• Information provided:
########################################
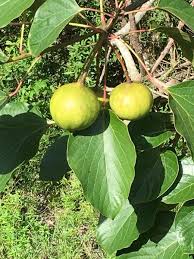 Image result for Vernicia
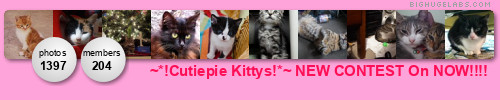 ~*!Cutiepie Kittys!*~ CONTEST ON NOW!. Get yours at bighugelabs.com/flickr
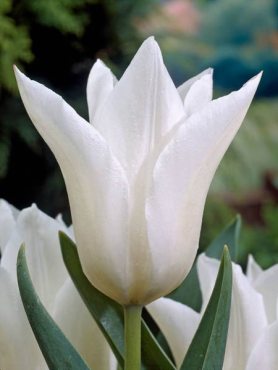 Тюльпаны Лилиецветные White Triumphator 10/11 (20 шт)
########################################
The material above is to be transcribed exactly, with all pictures omitted.

• Task answer:
 Image result for Vernicia
 ~*!Cutiepie Kittys!*~ CONTEST ON NOW!. Get yours at bighugelabs.com/flickr
 Тюльпаны Лилиецветные White Triumphator 10/11 (20 шт)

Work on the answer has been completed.